=== WORK INSTRUCTIONS ===
Could you retype exactly the lines below between the one holding "Ruby for Rails: Ruby" and the one holding "Navy tshirt showing", inclusive, leaving out any pictures?
EXCERPTED DATA section start
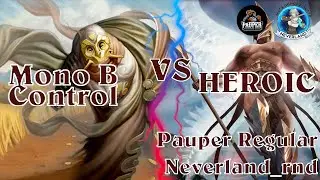 Pauper Regular 24.03.21 Mono B Control VS Mono W Heroic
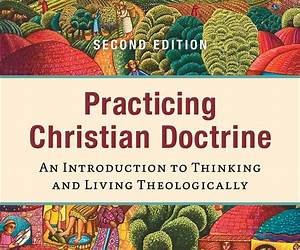Practicing Christian Doctrine: An Introduction to Thinking and Living Theologically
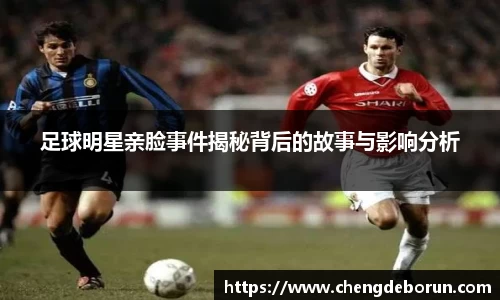足球明星亲脸事件揭秘背后的故事与影响分析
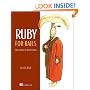 Ruby for Rails: Ruby Techniques for Rails Developers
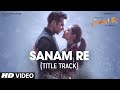 SANAM RE Song (VIDEO) | Pulkit Samrat, Yami Gautam, Urvashi Rautela, Divya Khosla Kumar | T-Series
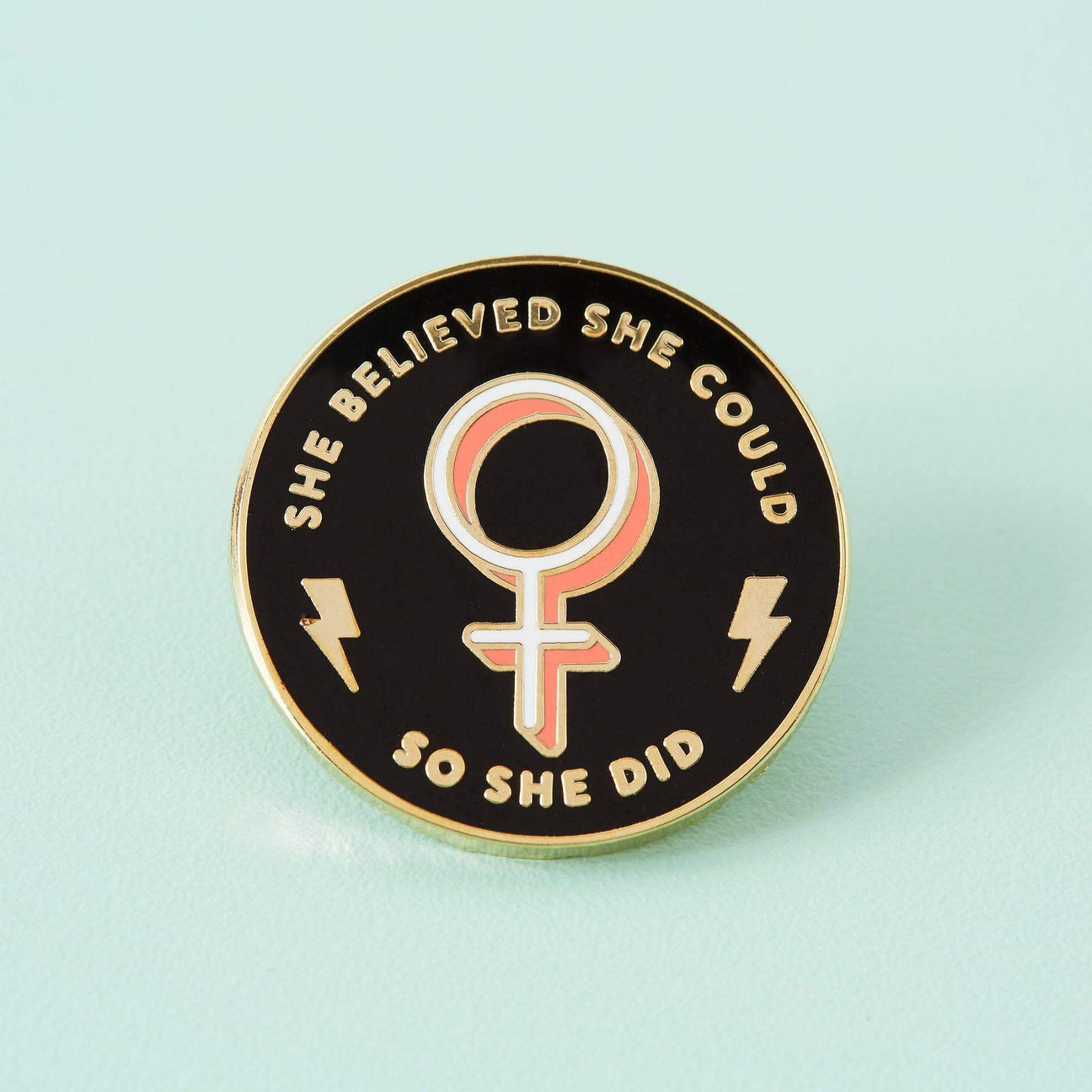 She Believed She Could So She Did Enamel Pin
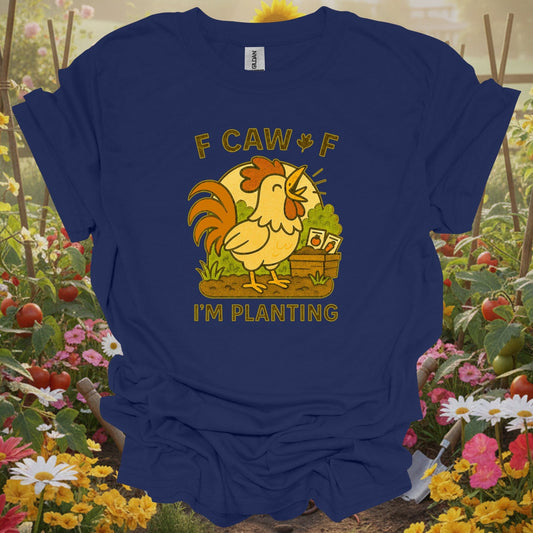 Navy tshirt showing caw caw i'm planting funny rooster for gardening enthusiasts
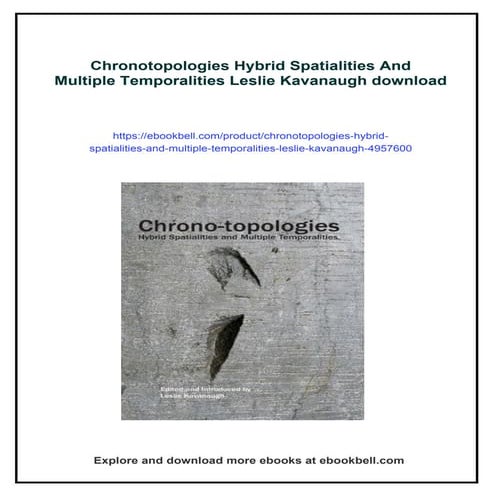 Chronotopologies Hybrid Spatialities And Multiple Temporalities Leslie Kavanaugh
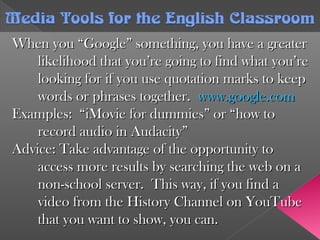 When you “Google” something, you have a greaterWhen you “Google” something, you have a greater
likelihood that you’re going to find what you’relikelihood that you’re going to find what you’re
looking for if you use quotation marks to keeplooking for if you use quotation marks to keep
words or phrases together.words or phrases together. www.google.comwww.google.com
Examples: “iMovie for dummies” or “how toExamples: “iMovie for dummies” or “how to
record audio in Audacity”record audio in Audacity”
Advice: Take advantage of the opportunity toAdvice: Take advantage of the opportunity to
access more results by searching the web on aaccess more results by searching the web on a
non-school server. This way, if you find anon-school server. This way, if you find a
video from the History Channel on YouTubevideo from the History Channel on YouTube
that you want to show, you can.that you want to show, you can.
Media Tools forthe English ClassroomMedia Tools forthe English Classroom
 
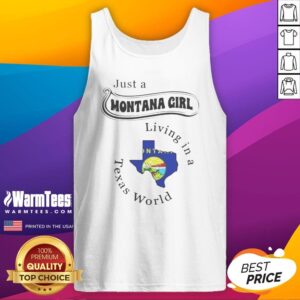 Official Just A Montana Girl Living In A Texas World Montana State Map tank top on a neutral background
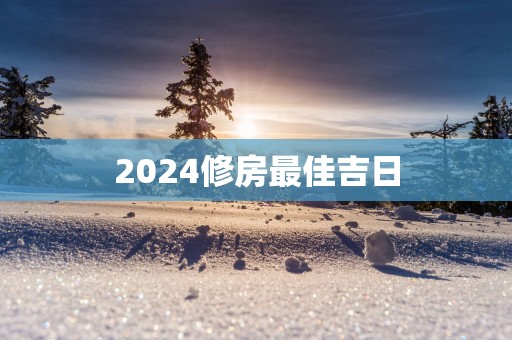 2025修房最佳吉日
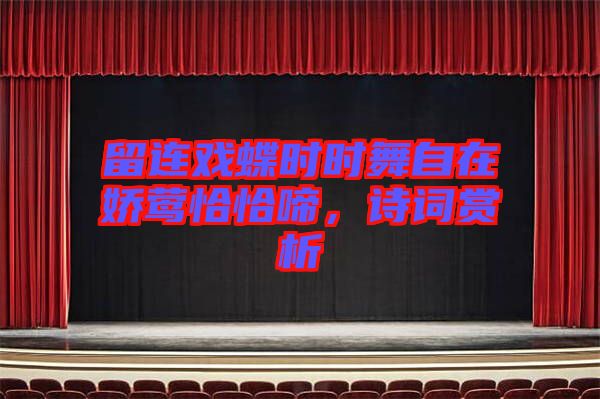 留連戲蝶時時舞自在嬌鶯恰恰啼，詩詞賞析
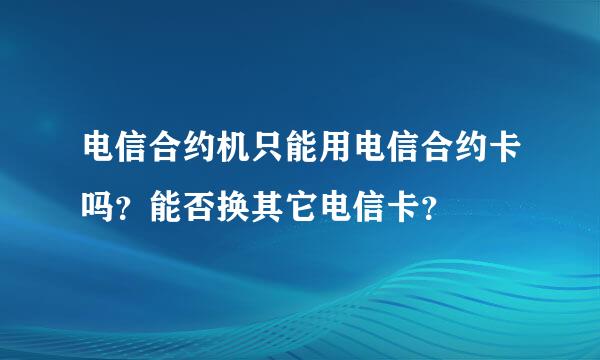 电信合约机只能用电信合约卡吗？能否换其它电信卡？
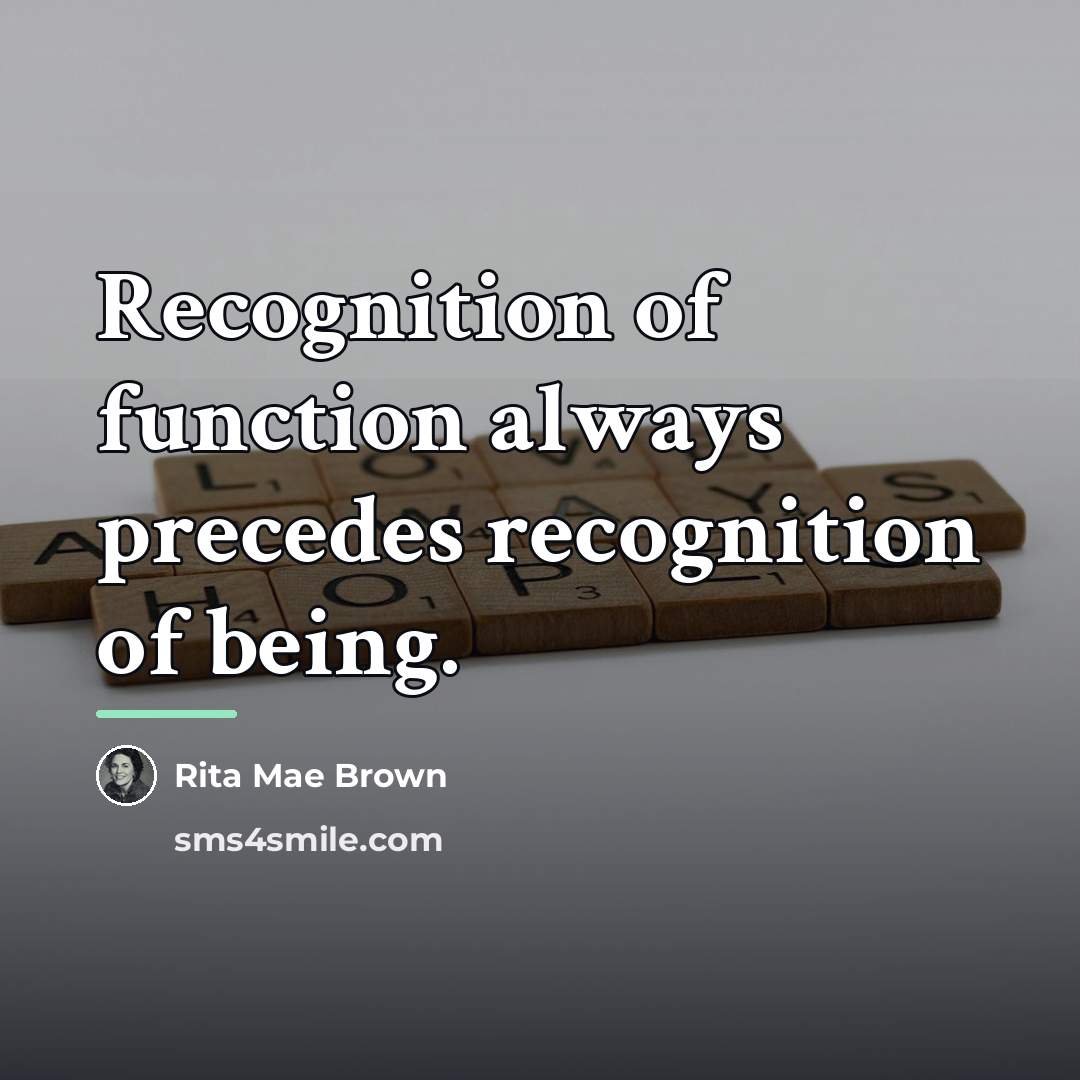 “Recognition of function always precedes recognition of being.…” quote by Rita Mae Brown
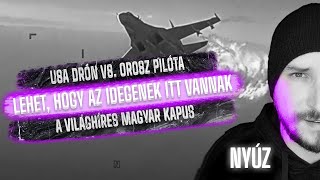 NYÚZ: USA DRÓN VS. OROSZ PILÓTA / LEHET, HOGY AZ IDEGENEK ITT VANNAK / A VILÁGHÍRES MAGYAR KAPUS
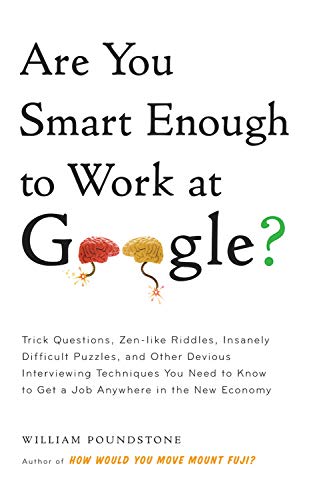 9780316187671: Are You Smart Enough to Work at Google?: Trick Questions, Zen-like Riddles, Insanely Difficult Puzzles, and Other Devious Interviewing Techniques You Need to Know to Get a Job Anywhere in the New Economy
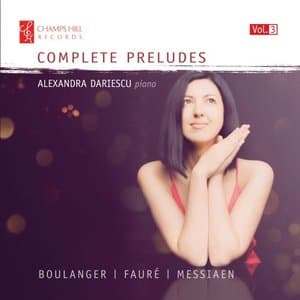 Boulanger, Faure & Messiaen: Complete Preludes, Vol. 3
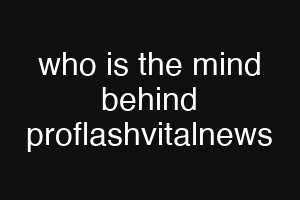who is the mind behind proflashvitalnews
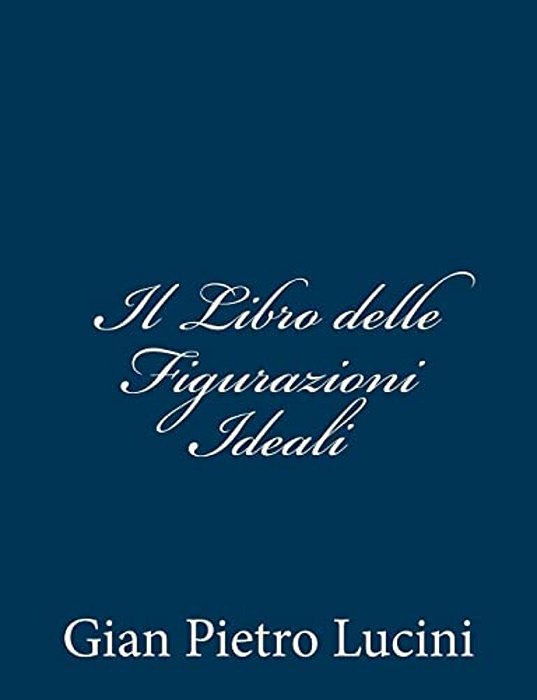 Il Libro Delle Figurazioni Ideali-..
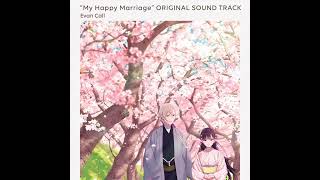 My Happy Marriage Full OST CD 1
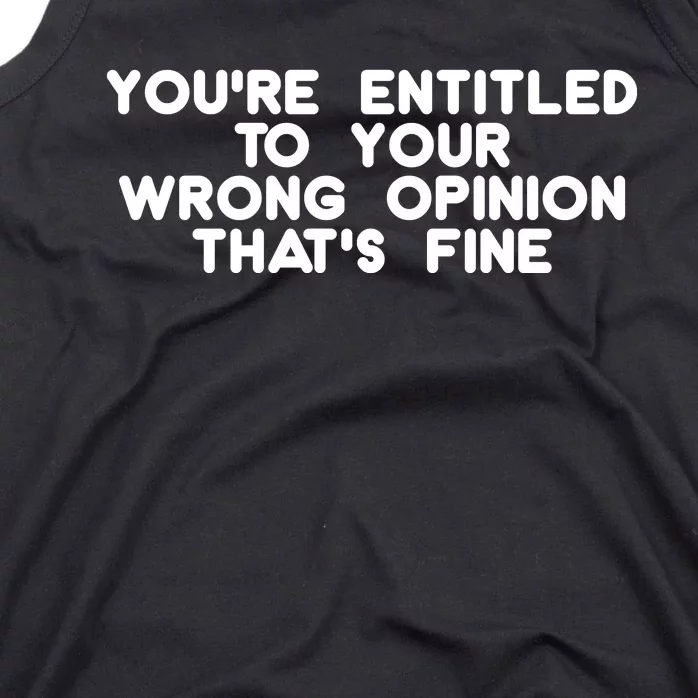 You're Entitled To Your Wrong Opinion That's Fine Funny Gift Tank Top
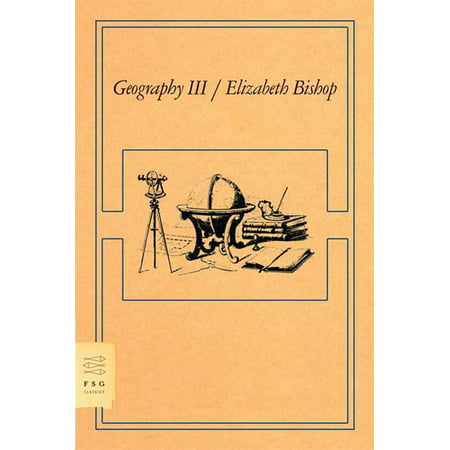 Geography III : Poems (Elizabeth Bishop Best Poems)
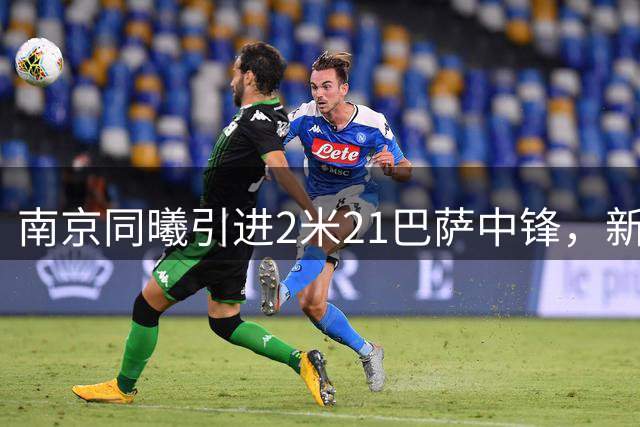南京同曦引进2米21巴萨中锋，新法尔能否填补禁区短板？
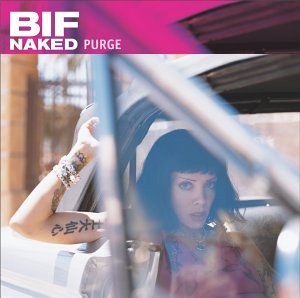 BIF NAKED - Purge - Zortam Music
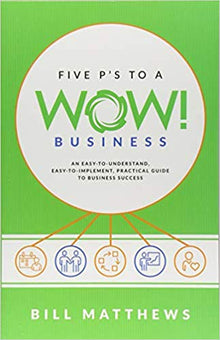 Five P's to a Wow Business - Faith & Flame - Books and Gifts - Sound Wisdom - 9781640950351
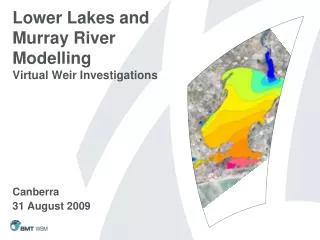 Lower Lakes and Murray River Modelling Virtual Weir Investigations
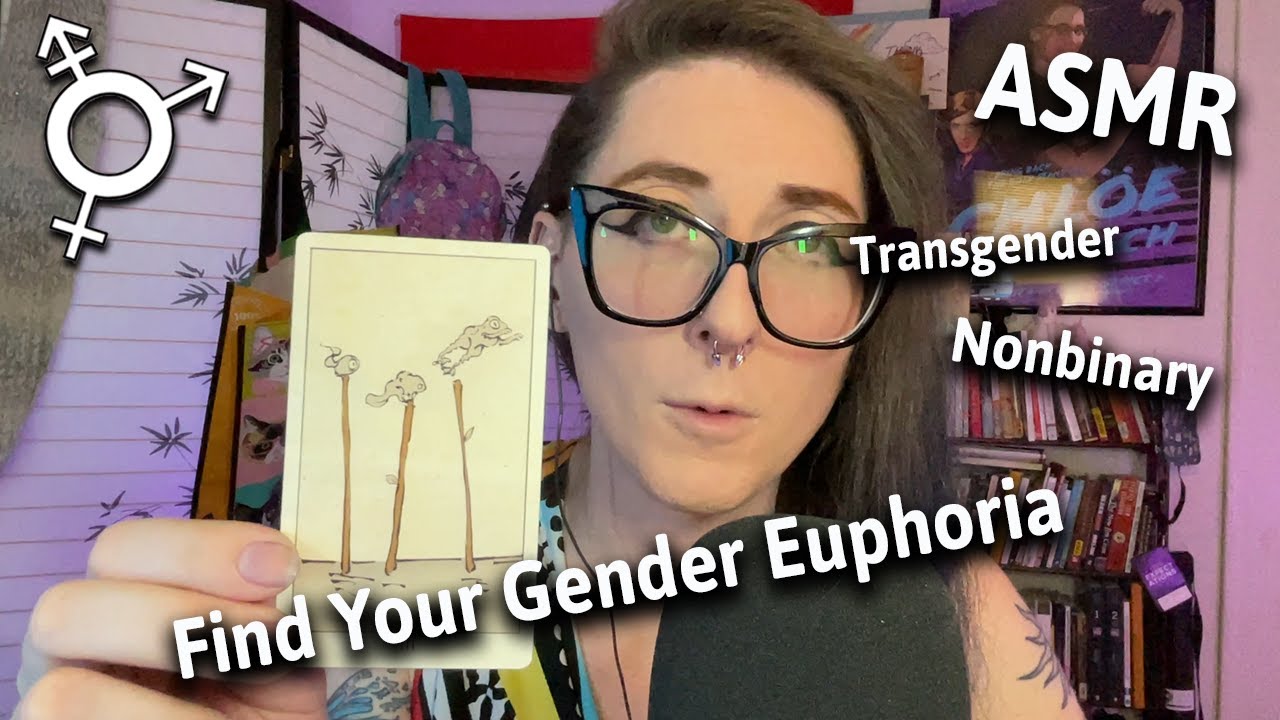 Transgender ASMR - ASMR for Gender Euphoria - Helping You Find Gender Euphoria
EXCERPTED DATA section end
=== ANSWER FOR THIS EXERCISE ===
 Ruby for Rails: Ruby Techniques for Rails Developers
 SANAM RE Song (VIDEO) | Pulkit Samrat, Yami Gautam, Urvashi Rautela, Divya Khosla Kumar | T-Series
 She Believed She Could So She Did Enamel Pin
 Navy tshirt showing caw caw i'm planting funny rooster for gardening enthusiasts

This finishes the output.